# Client wanting flooring from 100y/o Poplar joists. Where to start?



## GuntherBespoke (Aug 23, 2017)

I have a client who's pretty big money, and she wants approx 1500sqft of flooring made from old poplar removed from various old cabins and plantation homes she collects and disassembles. She does this so she can use all period accurate lumber for fixing up the plantation home she is choosing to fix up and live in.

The joists she has are mostly 10' - 16' long, and approx 4"x7" cross section. They carry a risk of nails on one edge only. I'll be able to get 2 to 4 boards from each joist.

She'll be needing some cut to 13/16" and some to 1 1/8", and is happy to have mixed widths (bundled in 1/2" increments I imagine). She needs it all tongue and grooved.

She gave me one plank but not enough to dry run a whole section and multiply out the quantities to provide a quote. But it was easy enough for me to joint a face, joint an edge (opposite from naily side), and rip off the nail side at the table saw with good clearance from any stray nails (with cheap blade just in case, but metal detector is on the way). From there I can rip at the bandsaw, plane 1/16" off to clean up, and mold.

I understand the formulas in selling my work, but I do not want to undersell myself on what will be a long and grueling project. I have no idea of accurately guessing my time, but I'm happy to go with whatever fair market value would be on this order, and take the bell curve of chance in terms of ending up a little over or under what I usually make per hour.
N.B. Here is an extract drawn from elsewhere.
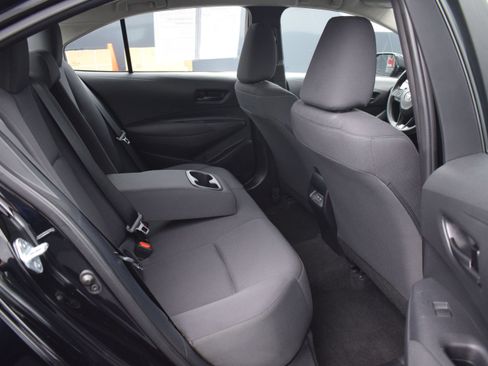 Used 2024 Toyota Corolla LE FWD image 11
I've never done a job like this, so literally have zero idea on whether I could start my quote/negotiations at $1sqft or $5.
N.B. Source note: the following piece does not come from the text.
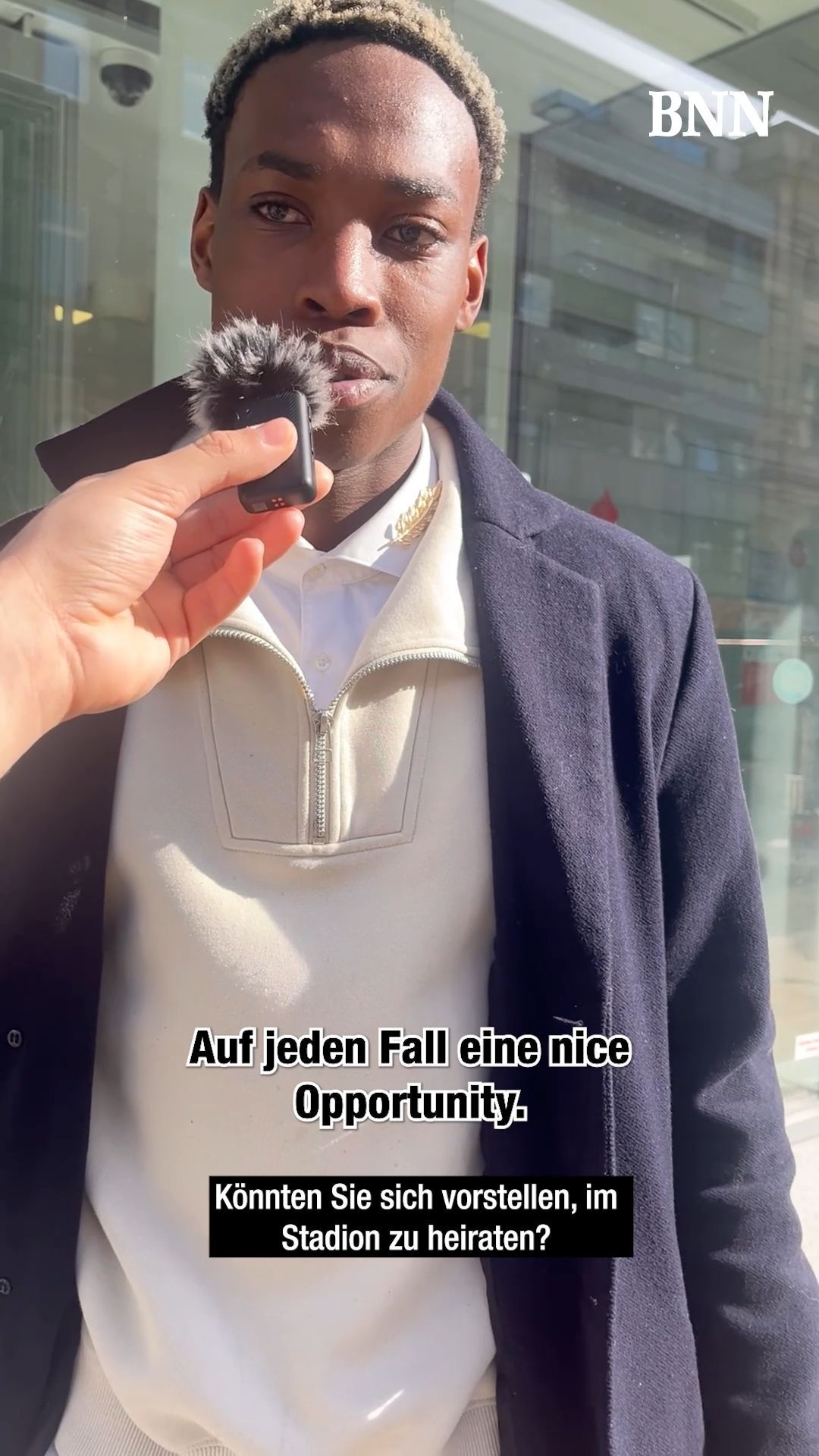 Video: Umfrage: Würden Sie im Wildparkstadion heiraten?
Any assistance would be greatly appreciated. This lady is a reliable client, friendly acquaintance, and very well connected with the 'old' money in my area. However, I don't want to give her the impression that I'm pulling numbers out my butt, which is what I would be doing right now. I'm a one man shop, but I have all I need for this job.


----------



## Unknowncraftsman (Jun 23, 2013)

Sounds like a one of a kind job.
If I were faced with this task I would see how long and what it takes to run 1 square. Or a 10' x10' square ft area.
And use it as a mock up see if your customer like it. 
Then you as least have a idea what you can realistically do.
No one will know better then you what you can do and how long it takes.

Good luck sounds like fun


----------



## Snipes (Apr 3, 2012)

so your making the flooring and installing? how about finishing? mill up a 16' joist and keep track of your time like aj recommended. If she trusts you I would do T&M. If I were to guess I would say 3$ a sq' to make it


----------



## shawnn (Aug 30, 2014)

Could you use the prices of lumber mills in the area for the milling/cutting operations if you do the work? Maybe contract a large mill to do the cutting and milling then charge separately for your tasks.


----------



## GuntherBespoke (Aug 23, 2017)

Thanks for the replies so far, I understand that quote posts can be irritating.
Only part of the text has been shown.